Saturday, June 17, 2006
Public Office—Church and Civil—and the responsibilities of discipleship
I would like to thank Steve and Patrick for there recent postings that rise and converge, to borrow from Teilhard, to one shared point about Catholics who are in public positions. I shall confine these brief remarks to these Catholics who hold public office, be it elected or appointed, and those who hold higher office within the Church. Steve also talks about theologians, but I will not address them in this posting—but I hope to do so at some point sooner rather than later.
I am attaching [Download araujo_essay_nd.pdf ] a brief essay that I did in the recent Notre Dame symposium on “law as a vocation” that may have some bearing on the issue and let readers know the perspective from which I come. My focus in this essay was on the public official and the obligations of discipleship that attend the Catholic public official’s exercise of civil office. I wrote this before the second letter was distributed by many of the same Members of Congress who also co-authored the first letter that was sent to Cardinal McCarrick about two years ago and to which I refer at some length in my essay. It is clear to me that in both letters, these Members of Congress have studied with some care (or at least the drafters of the letters have studied and the signatories have adopted) the obligations of Catholics who hold public office. With all respect to them, I think their understanding of their responsibilities as Catholics who hold public office is flawed as I try to point out in my essay.
It becomes clear to me that they, or their delegates, have made an effort to study what the Church teaches. In some cases those teachings are adopted by the Members of Congress who have subscribed their names to these two letters, but in other cases the Church’s teachings are put aside by these same public officials—perhaps for administrative convenience, as Master Thomas Cromwell purportedly said. It also seems that these officials, or at least some of them, believe that if they adopt many of the Church’s teachings but ignore or contravene others, they are still on solid ground as far as being faithful Catholics. I think such a conclusion is premature as will be apparent to those who read my essay. What the Church expects of them, and of all its faithful, is clear. And, it is this clarity that is obscured by their correspondence.
So what should bishops do in response? I am one of those people who likes to follow Cardinal Dulles’s wise words on such issues and assume that they, the public officials, may not know what the Church teaches. That means that its teachers, pastors and bishops in particular, have their work cut out. In short, the bishops have to make the teachings clear and direct these teaching activities specifically to these Catholic public officials.
However, these Members of Congress who have twice penned a letter have indicated that they believe they know what the Church teaches because they indicate familiarization with many of the Church’s teachings as expressed through relevant Church documents. But, their understanding of these teachings is flawed.
On one issue in particular (but maybe not the only issue), they ignore what the Church has taught about procured abortion and the duties of the Catholic public official toward this procedure that some hold to be a “Constitutional right.” The Church does not ask these influential public officials to do the impossible, but it does ask them to do the possible—to minimize or to mitigate, if they cannot repeal outright, the effect of these laws which permit this terrible and immoral procedure. These proper actions some of them refuse.

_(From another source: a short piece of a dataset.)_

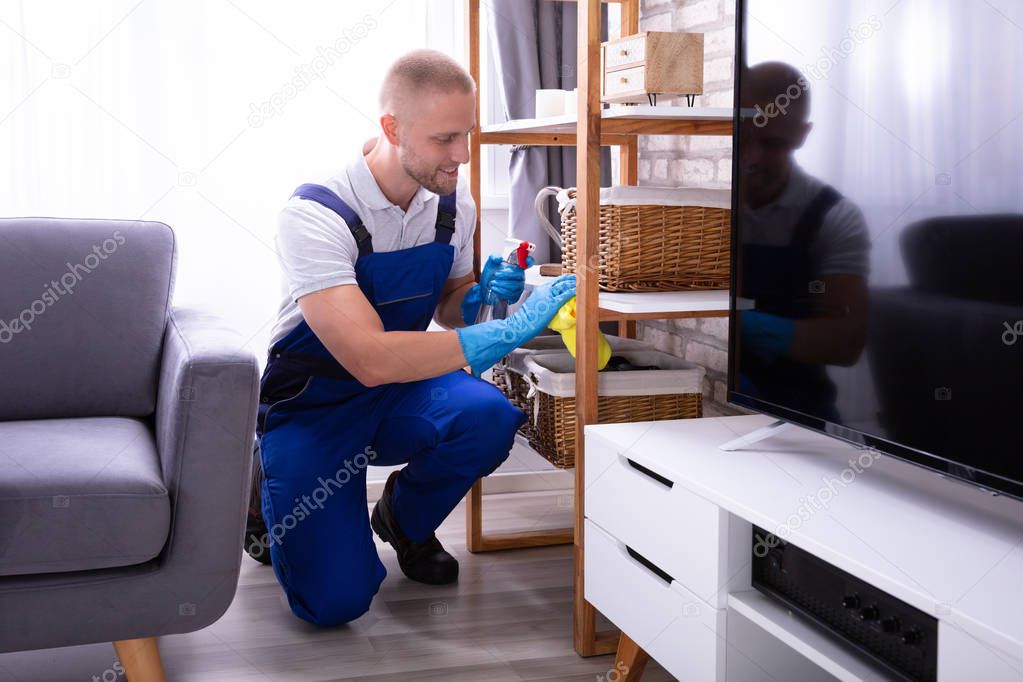 Smiling Male Janitor In Uniform Wiping Wooden Shelf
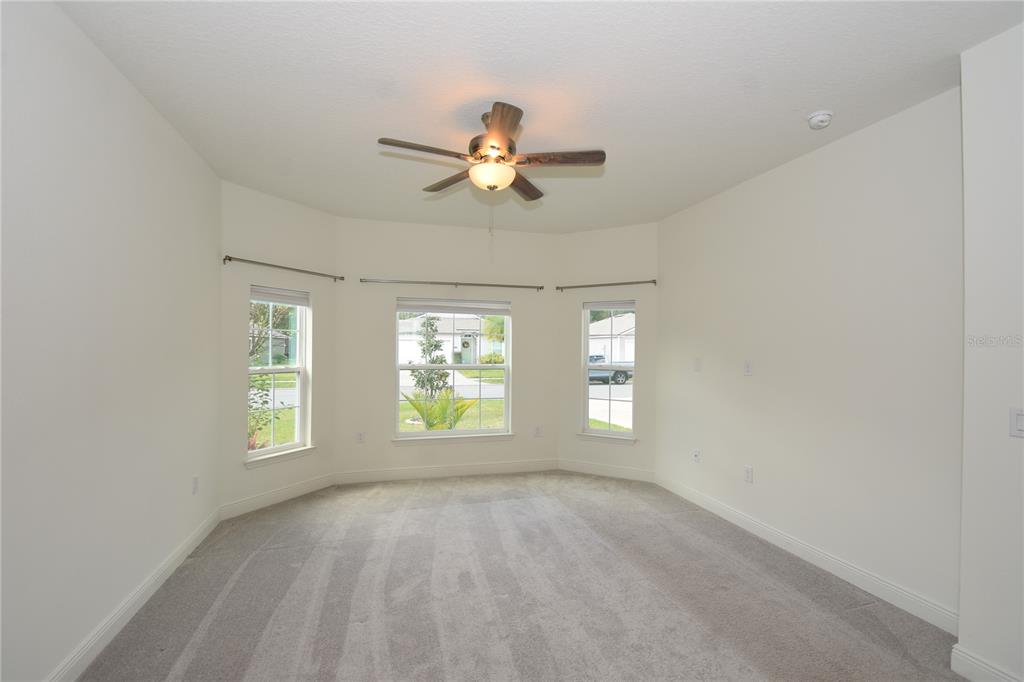 59 Oakleaf Way Palm Coast, FL 32137 - Photo 17 of 39 an empty room with windows and ceiling fan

In such cases, the bishops should recognize that their teaching must continue for others. But different actions for those Catholic public officials who profess to be familiar with the Church’s teachings may well be in order when it becomes clear that they know the teachings but ignore or reject them.
So, what should the bishops do? I think they have a variety of appropriate options available. One would be to invite immediately these Catholic public officials to a personal or small group discussion that makes clear the risks of their behavior.
If their behavior continues, it is not the Church that has turned its back on them; it is they who have turned their backs to the Church. The concerned bishops must realize that it is their responsibility to take those actions that are firm, faithful, and guided by the mercy of God for all involved. The silence of bishops concerning these public office holders may be based on reasons that presently escape me, and I welcome the opportunity to be informed of what they might be. But surely any silence cannot be based on the episcopal consent to the actions of the public officials that I have briefly discussed here and in my paper.